Biraz Acı Verecek Ama...

Burhan OKUTAN

Emin olun artık gına geldi.  Başbakanımıza Allah kolaylık versin.

Bunlar müneccim, bunlar modern astrolog!

Kimden mi bahsediyorum?

Sayın başbakan demokratikleşmeye dönük paketi henüz açıklamadan paket hakkında yorum yapan siyasilerimizden tabiî ki…

Erbakan Hocanın ulusa sesleniş programını sürmanşetten veren gazeteler gibi. Erbakan hoca milli maç nedeniyle programı erteliyor ama o gün gazeteler sürmanşetten veriyordu. Vurun abalıya…

Şimdi aynı anlayış devam ediyor. Daha paket açıklanmadan yorumlar gırla gidiyor. Vahamet bununla sınırlı değil elbet. Paket açıklandıktan sonra da  “bu paket taleplerimizin kötü bir kopyası” denmesi yok mu, adamı bitiriyor. Daha doğrusu siyaset burada “iflas” ediyor!  

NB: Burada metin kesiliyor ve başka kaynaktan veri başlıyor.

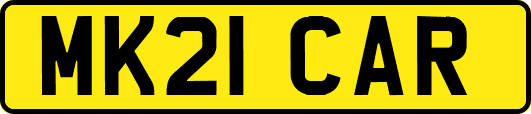 MK21CAR
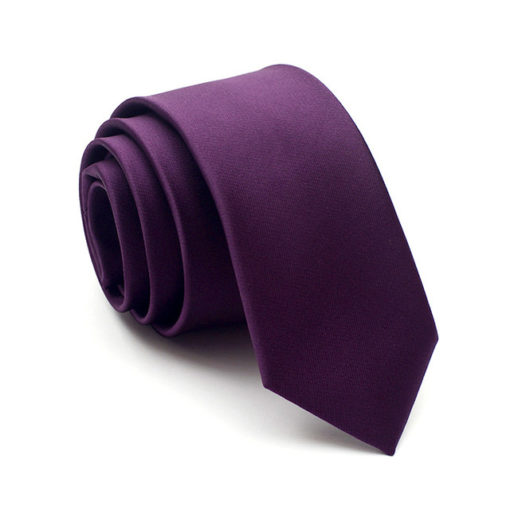 purple_solid_skinny_tie_rack_australia_au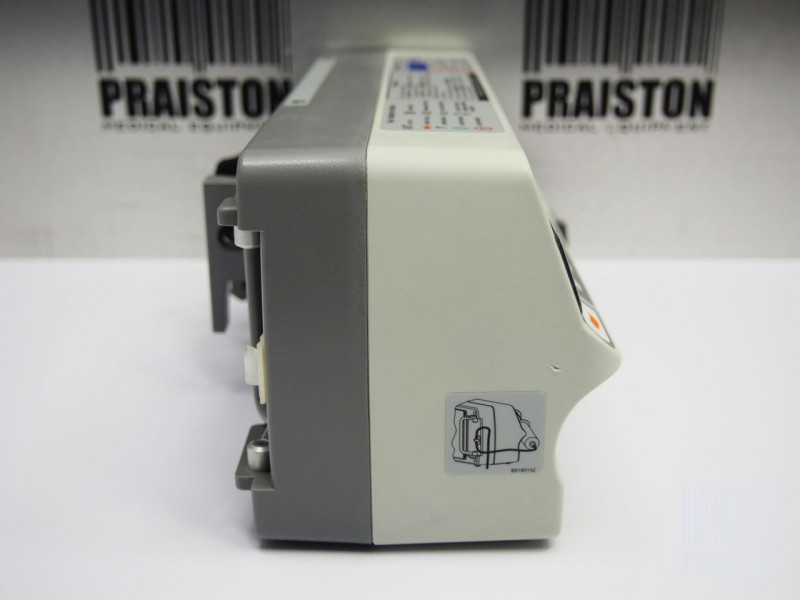 Pompy infuzyjne strzykawkowe używane B/D AITECS 2015 - Praiston rekondycjonowane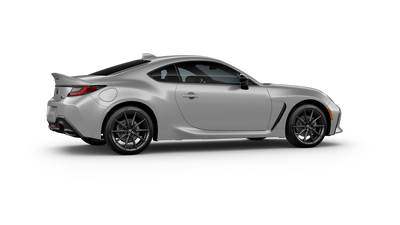 2025 Toyota GR86 Premium MT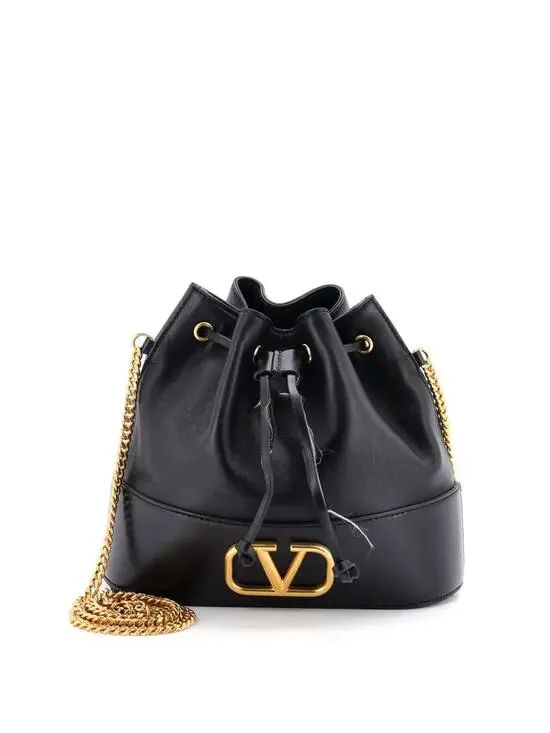 Valentino Garavani Vlogo Drawstring #277034V99B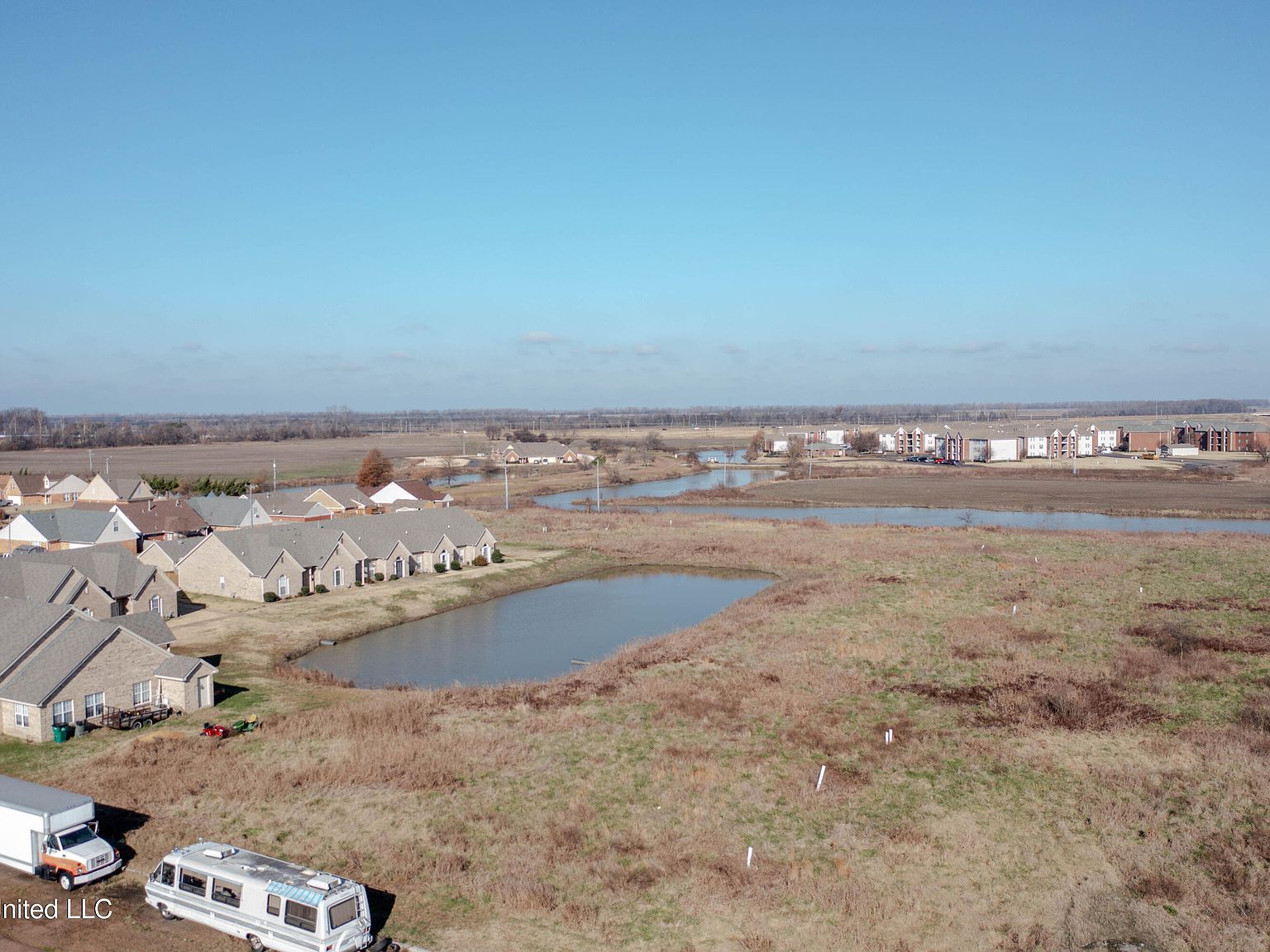 Vista Park Cir Robinsonville, MS 38664  | Multi Family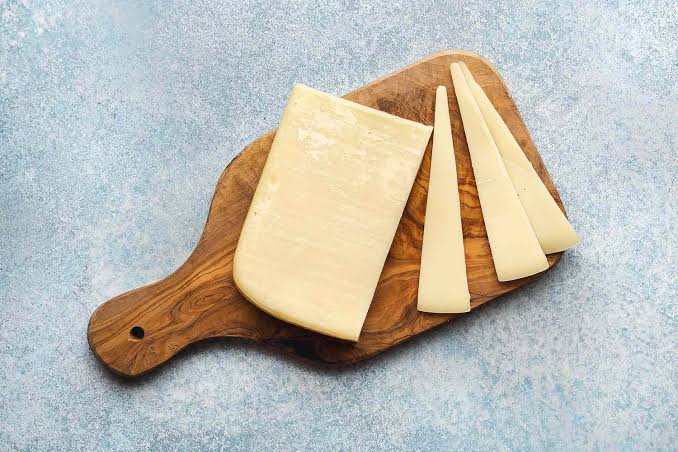 Extra Cheese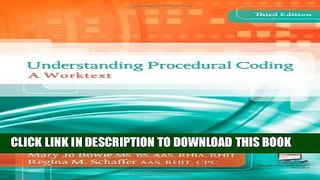 Collection Book Understanding Procedural Coding: A Worktext with Premium Website Printed Access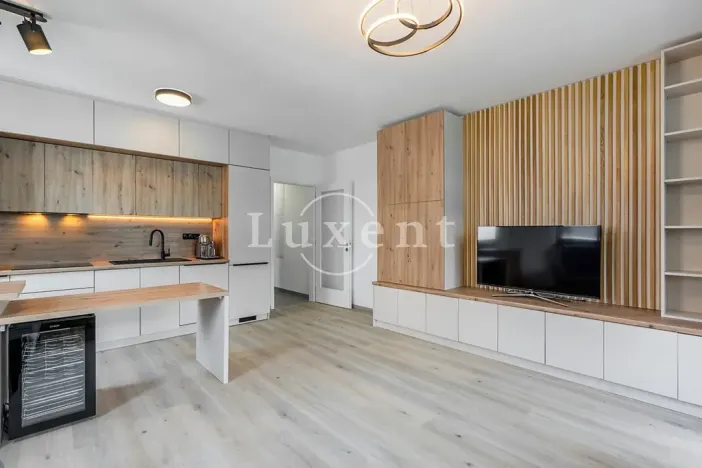 Pronájem bytu 3+kk, Praha - Žižkov, Olgy Havlové, 73 m2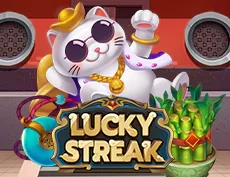 Lucky Streak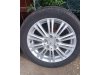 Slika 5 -  Alu felne R 16 coli 5x112 mercedes - MojAuto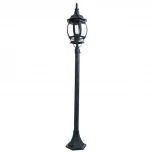 Наземный фонарь Arte Lamp Atlanta A1046PA-1BG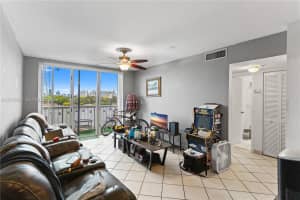 3551 SW 9th Terrace APT 502, Miami, FL 33135, - MLS#A12015043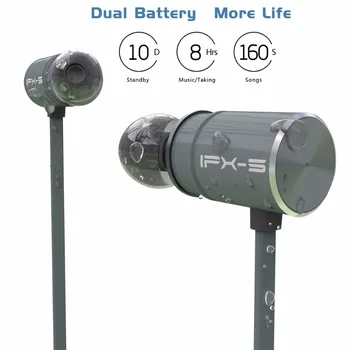 

GDLYL 2020 New Wireless Headphone Bluetooth IPX5 Waterproof Earbuds Magnetic Headset Earphones With Microphone For Phone Sport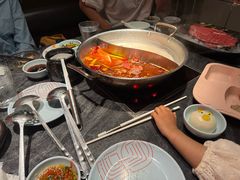 -捞王锅物料理(金华义乌之心店)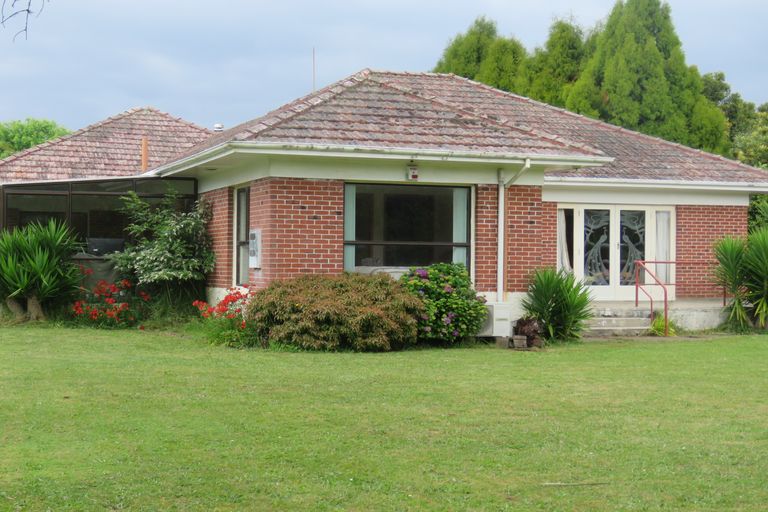 Photo of property in 76 Guy Road, Kaikohe, 0405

“Olmaz böyle bir şey!” demeyin, burası Türkiye, oluyor işte!

Hani Türkiye Cumhuriyeti’nin profesör dışişleri bakanı için “geri zekâlı” diyen bir siyasetçimiz var ya, işte bu sözler ondan sadır olmuş. Olayı kişiselleştirmeden konuyu ele alalım. Müzmin muhalefetten bahsedelim.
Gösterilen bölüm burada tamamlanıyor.